To escape from this thought the morality of love recommends the plunge into the whirl of sensual life. But at the approach of death man sees that the transitory intoxication of the senses is also pure vanity. For it is almost axiomatic among thinking men that the only way to acquire the ability to look upon the terrors of existence and the fleetingness of life with equanimity and consolation is to put their labors in such a direction, where there is hope for the continuation of their works beyond the individual existence far into the infinite, such as the artist hopes of his art, the scientist of his science, and the creative genius of his creation.
DO Even Homer, the happy, life-enjoying Greek poet, expresses the same pessimism (Iliad ix, 318).
“The same fate awaits him who remains home and him who risks his life in the war for his country; in the same estimation are held the coward and the brave. They both die in the same way, the idler and he who has accomplished ever so much in life.”
The greatest rhapsody of pessimism is found in the Bible, in Ecclesiastes. The quintessence of the royal preacher’s philosophy is, “All is vanity.” “One generation passes away, the other comes, without aim or end, purpose or intent.” Here is the sun, speeding through the heavens, for which purpose or intent?
“The sun riseth and the sun sets and hasteth to the same place, where it rose”; without aim or end. Here is the wind blowing furiously a gale, to which purpose or intent?
“The wind goes to the south and turns to the north, it whirls about continually and returns again according to his circuit,” without aim or end. Here is the river, the torrent rushing down a precipice, to which purpose or intent? “All the rivers run into the sea, yet the sea is not full, unto the place from whence the rivers came, thither they return again”; without aim or end. All things turn in a circuit without aim or end, purpose or intent. All is vanity and vexation of the spirit.
“What happens to the fool, so it happens to the wise. There is no remembrance of the wise more than of the fool forever. How dieth the wise man? As the fool. In the days to come shall all be forgotten” (ii, 15, 16).
Then the preacher turned, in search for a definite purpose in life, to different philosophies of human conduct, he becomes in turn a work-worshipper, love-worshipper, pleasure-worshipper; and what did he find? “There is nothing good in the things God has created but for a man to rejoice” (iii, 12). Thus it appears to him that the philosophy of pleasure is the only purpose in life. But a little later he finds that also this philosophy is of no profit. “But a man has no preeminence above the beast; for all is vanity” (iii, 19).
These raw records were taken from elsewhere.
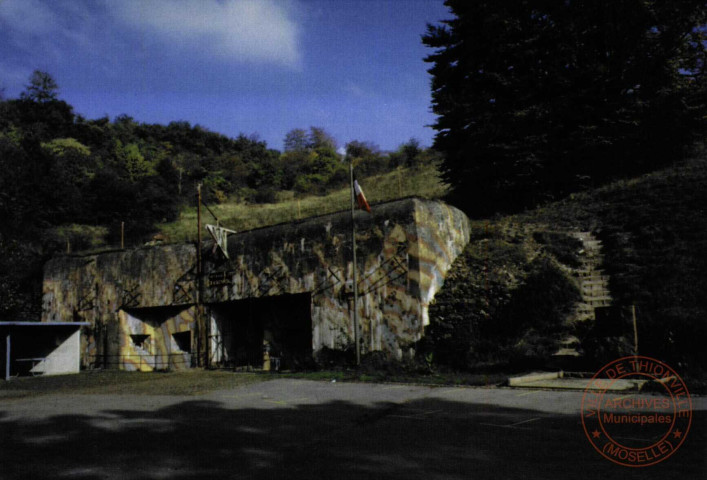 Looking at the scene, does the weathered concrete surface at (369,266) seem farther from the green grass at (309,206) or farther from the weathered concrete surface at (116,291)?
the green grass at (309,206)

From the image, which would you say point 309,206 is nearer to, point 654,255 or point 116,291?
point 116,291

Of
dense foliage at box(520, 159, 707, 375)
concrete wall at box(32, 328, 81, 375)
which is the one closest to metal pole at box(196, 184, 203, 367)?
concrete wall at box(32, 328, 81, 375)

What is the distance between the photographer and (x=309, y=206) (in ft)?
117

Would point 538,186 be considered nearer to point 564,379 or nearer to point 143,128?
point 564,379

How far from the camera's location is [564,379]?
32.8 feet

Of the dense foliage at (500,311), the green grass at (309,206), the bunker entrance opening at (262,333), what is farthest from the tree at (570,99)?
the bunker entrance opening at (262,333)

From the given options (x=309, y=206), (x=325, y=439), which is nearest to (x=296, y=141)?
(x=309, y=206)

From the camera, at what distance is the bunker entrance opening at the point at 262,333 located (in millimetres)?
18250

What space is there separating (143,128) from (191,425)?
70.0m

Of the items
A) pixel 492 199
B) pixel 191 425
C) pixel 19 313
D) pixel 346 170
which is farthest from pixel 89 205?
pixel 191 425

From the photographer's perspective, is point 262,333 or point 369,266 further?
point 262,333

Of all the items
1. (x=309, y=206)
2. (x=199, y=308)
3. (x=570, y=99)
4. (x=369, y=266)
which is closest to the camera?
(x=369, y=266)

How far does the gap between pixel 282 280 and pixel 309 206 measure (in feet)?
61.7

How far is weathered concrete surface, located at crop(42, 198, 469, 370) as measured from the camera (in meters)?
14.9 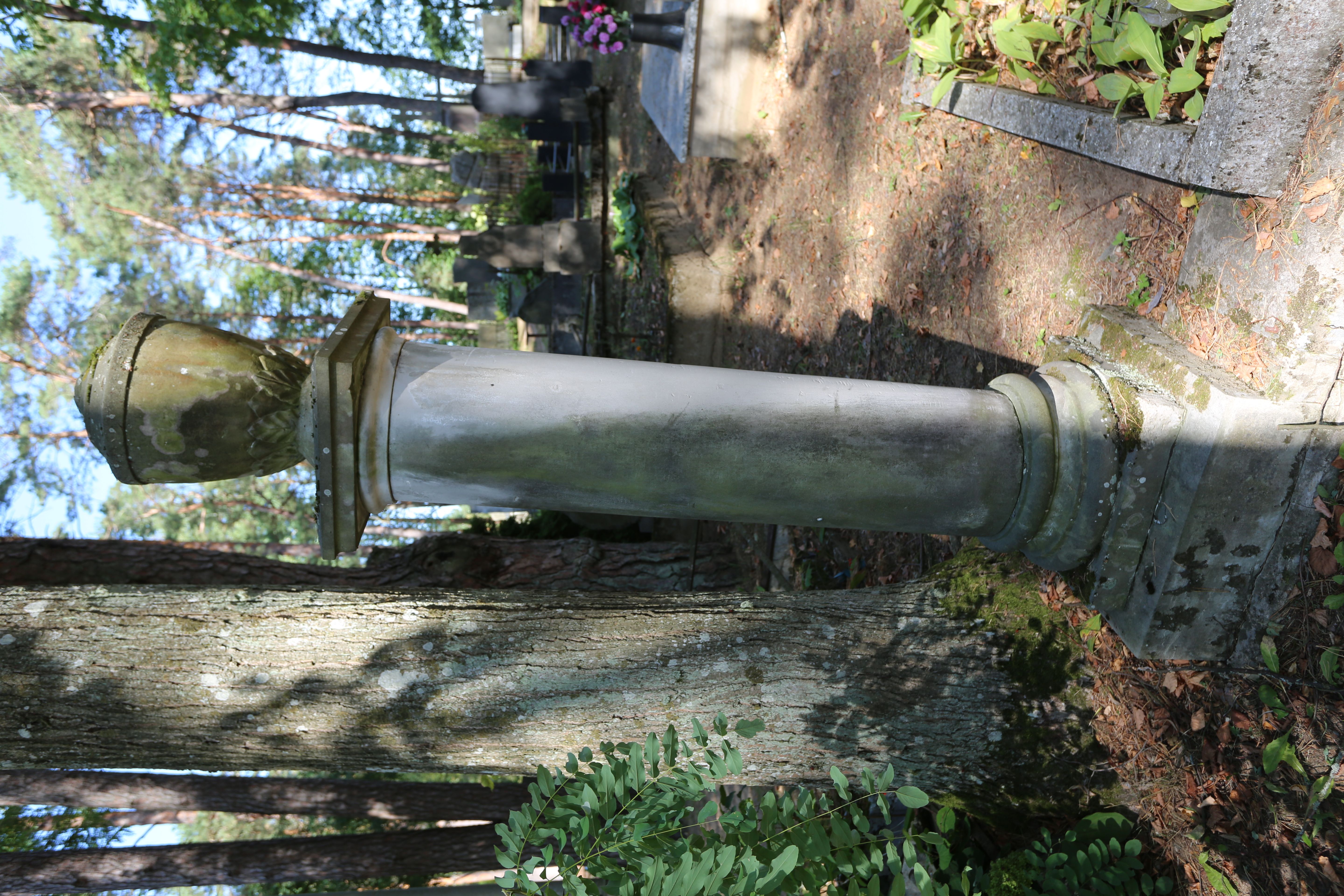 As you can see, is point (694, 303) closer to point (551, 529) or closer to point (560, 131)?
point (551, 529)

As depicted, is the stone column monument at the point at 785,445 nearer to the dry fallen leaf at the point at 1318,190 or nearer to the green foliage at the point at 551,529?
the dry fallen leaf at the point at 1318,190

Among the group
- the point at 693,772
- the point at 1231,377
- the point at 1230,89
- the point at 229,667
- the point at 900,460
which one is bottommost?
the point at 229,667

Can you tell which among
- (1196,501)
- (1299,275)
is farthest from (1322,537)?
(1299,275)

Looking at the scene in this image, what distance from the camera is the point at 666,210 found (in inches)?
377

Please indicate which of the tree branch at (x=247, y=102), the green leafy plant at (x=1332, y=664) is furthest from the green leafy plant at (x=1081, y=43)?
the tree branch at (x=247, y=102)

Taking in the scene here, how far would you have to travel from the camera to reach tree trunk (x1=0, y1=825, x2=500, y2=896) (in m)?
5.76

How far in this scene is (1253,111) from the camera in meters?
2.35

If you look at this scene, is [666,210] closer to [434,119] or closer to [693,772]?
[693,772]

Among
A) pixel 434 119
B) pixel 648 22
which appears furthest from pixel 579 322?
pixel 434 119

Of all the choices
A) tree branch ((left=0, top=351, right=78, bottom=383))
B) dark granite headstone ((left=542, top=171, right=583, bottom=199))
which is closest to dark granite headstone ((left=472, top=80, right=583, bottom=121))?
dark granite headstone ((left=542, top=171, right=583, bottom=199))

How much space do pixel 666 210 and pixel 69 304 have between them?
1933cm

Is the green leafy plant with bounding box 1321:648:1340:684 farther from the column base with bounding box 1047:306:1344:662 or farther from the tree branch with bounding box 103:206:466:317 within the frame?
the tree branch with bounding box 103:206:466:317

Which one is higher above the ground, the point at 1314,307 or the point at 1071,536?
the point at 1314,307

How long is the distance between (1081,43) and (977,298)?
1410 millimetres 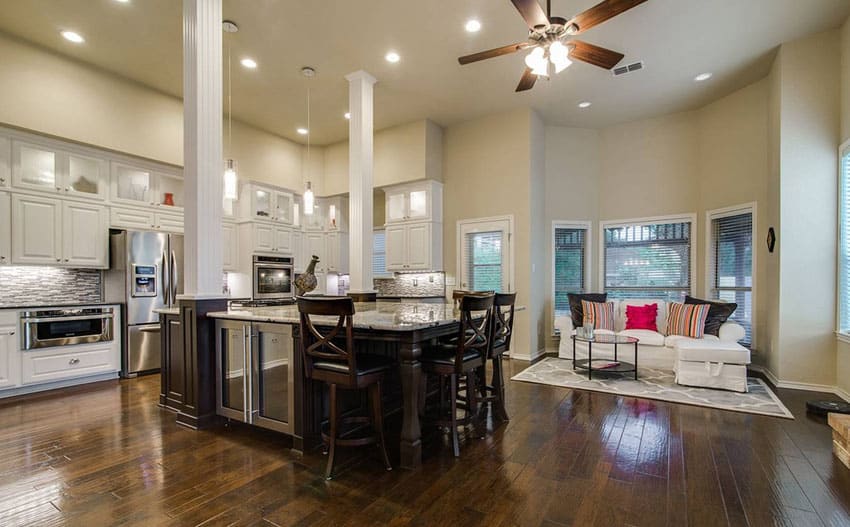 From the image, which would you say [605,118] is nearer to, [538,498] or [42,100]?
[538,498]

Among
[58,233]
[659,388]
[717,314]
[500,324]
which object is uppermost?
[58,233]

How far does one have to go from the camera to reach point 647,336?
17.1 ft

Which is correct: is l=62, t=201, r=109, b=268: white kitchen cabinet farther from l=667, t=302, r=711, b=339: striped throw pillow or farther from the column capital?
l=667, t=302, r=711, b=339: striped throw pillow

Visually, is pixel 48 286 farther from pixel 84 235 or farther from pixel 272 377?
pixel 272 377

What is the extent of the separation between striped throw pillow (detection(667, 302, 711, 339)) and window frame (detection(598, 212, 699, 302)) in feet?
2.92

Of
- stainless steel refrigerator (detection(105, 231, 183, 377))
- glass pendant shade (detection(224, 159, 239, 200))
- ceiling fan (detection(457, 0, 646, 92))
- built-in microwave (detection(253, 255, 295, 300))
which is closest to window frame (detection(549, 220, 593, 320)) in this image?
ceiling fan (detection(457, 0, 646, 92))

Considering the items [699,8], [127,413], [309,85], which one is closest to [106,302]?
[127,413]

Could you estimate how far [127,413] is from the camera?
11.6 ft

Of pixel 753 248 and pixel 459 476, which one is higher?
pixel 753 248

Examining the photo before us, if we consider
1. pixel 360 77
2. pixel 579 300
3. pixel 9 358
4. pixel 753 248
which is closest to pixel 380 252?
pixel 360 77

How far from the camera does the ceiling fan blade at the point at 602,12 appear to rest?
2.76 metres

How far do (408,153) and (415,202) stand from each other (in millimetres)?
822

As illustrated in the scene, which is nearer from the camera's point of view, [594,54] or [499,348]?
[499,348]

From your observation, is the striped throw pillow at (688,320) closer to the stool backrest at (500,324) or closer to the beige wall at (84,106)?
the stool backrest at (500,324) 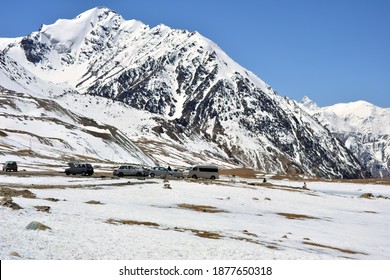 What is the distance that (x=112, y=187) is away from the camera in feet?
201

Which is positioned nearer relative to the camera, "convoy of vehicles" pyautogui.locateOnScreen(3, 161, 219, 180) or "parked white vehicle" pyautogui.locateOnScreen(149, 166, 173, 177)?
"convoy of vehicles" pyautogui.locateOnScreen(3, 161, 219, 180)

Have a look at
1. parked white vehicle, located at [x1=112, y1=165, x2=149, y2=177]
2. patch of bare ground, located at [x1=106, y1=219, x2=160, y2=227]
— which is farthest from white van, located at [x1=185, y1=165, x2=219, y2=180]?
patch of bare ground, located at [x1=106, y1=219, x2=160, y2=227]

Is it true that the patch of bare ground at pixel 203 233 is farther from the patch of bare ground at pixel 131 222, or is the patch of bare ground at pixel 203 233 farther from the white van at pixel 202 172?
the white van at pixel 202 172

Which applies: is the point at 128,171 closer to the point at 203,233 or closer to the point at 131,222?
the point at 131,222

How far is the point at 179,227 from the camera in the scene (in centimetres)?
3356

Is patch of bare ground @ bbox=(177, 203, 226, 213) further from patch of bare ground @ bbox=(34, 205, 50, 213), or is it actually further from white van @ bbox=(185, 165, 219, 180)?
white van @ bbox=(185, 165, 219, 180)

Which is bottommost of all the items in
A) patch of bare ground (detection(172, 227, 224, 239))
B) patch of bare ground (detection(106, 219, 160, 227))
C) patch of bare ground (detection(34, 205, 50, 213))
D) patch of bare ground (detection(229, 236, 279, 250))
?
patch of bare ground (detection(229, 236, 279, 250))

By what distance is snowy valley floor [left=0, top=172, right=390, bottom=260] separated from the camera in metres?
23.5

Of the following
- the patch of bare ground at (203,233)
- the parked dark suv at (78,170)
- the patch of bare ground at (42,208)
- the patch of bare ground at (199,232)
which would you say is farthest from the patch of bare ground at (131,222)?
the parked dark suv at (78,170)

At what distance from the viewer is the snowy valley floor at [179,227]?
77.1ft

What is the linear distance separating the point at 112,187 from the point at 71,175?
69.7 ft

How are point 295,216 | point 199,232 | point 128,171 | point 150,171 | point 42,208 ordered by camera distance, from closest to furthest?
1. point 199,232
2. point 42,208
3. point 295,216
4. point 128,171
5. point 150,171

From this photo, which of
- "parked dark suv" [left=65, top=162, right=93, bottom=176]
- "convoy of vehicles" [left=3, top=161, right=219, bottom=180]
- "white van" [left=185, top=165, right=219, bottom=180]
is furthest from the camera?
"white van" [left=185, top=165, right=219, bottom=180]

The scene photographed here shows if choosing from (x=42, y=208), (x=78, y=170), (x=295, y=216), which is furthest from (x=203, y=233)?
(x=78, y=170) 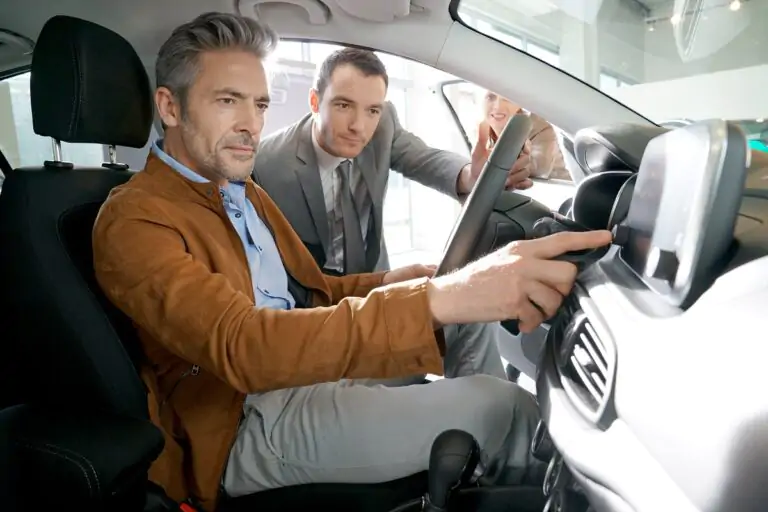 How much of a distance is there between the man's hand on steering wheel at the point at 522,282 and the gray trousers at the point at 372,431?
0.82 feet

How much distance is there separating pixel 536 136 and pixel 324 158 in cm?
69

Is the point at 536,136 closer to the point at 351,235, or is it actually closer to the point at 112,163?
the point at 351,235

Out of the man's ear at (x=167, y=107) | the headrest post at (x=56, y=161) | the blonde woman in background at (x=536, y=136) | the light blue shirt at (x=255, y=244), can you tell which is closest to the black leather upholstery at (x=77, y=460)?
the light blue shirt at (x=255, y=244)

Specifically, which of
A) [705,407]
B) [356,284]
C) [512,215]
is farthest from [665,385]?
[356,284]

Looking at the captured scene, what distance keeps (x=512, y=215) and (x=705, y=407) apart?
58 centimetres

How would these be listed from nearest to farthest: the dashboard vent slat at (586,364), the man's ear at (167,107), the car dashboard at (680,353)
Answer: the car dashboard at (680,353)
the dashboard vent slat at (586,364)
the man's ear at (167,107)

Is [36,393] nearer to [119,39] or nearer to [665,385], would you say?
[119,39]

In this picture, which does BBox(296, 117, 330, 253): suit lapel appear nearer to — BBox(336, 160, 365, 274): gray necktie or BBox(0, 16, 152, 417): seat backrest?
BBox(336, 160, 365, 274): gray necktie

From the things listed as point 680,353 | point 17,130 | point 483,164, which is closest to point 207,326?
point 680,353

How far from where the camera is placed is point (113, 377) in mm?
1056

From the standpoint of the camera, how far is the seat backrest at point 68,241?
1.05 metres

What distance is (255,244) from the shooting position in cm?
129

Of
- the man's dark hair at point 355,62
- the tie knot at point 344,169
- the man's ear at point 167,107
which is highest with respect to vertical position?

Then comes a passage which shows how pessimism blinds the keenest observer. “There is one alone, he has neither child nor brother, yet is there no end of all his labor, neither is his eye satisfied with riches, neither says he, for whom do I labor? This also is vanity” (iv, 8).
Now, this fact of the lonely man working for the future without apparent purpose, ought to have given the philosopher a hint, that there must be something behind this will to labor without aim or end. “Arbores serit agricola quarum fructibus nunquam fruetur.” But pessimist as our philosopher is, he returns to his philosophy. “This also is vanity.”
DP Jagadis Chandra Bose (The Modern Review, Calcutta, 1914) succeeded in establishing the perfect parallelism between animal and plant. He found that all plants are sensitive and that in certain of them are tissues which beat spontaneously like the heart-beat of the animal. Response to electric stimulus, too, is identical in the plant and in the animal. In short, the life of the plant is the life of the animal in almost all its incidents, only in less degree.
DQ In nature the individual counts for nothing, the race for everything. Nature is pitiless in the destruction of individuals. Thousands of animal lives are consumed to feed one lion throughout its life, millions of plant lives to feed one ox. In nature the individual is as ruthlessly sacrificed as in war. In this respect war is more in harmony with the designs of nature than peace.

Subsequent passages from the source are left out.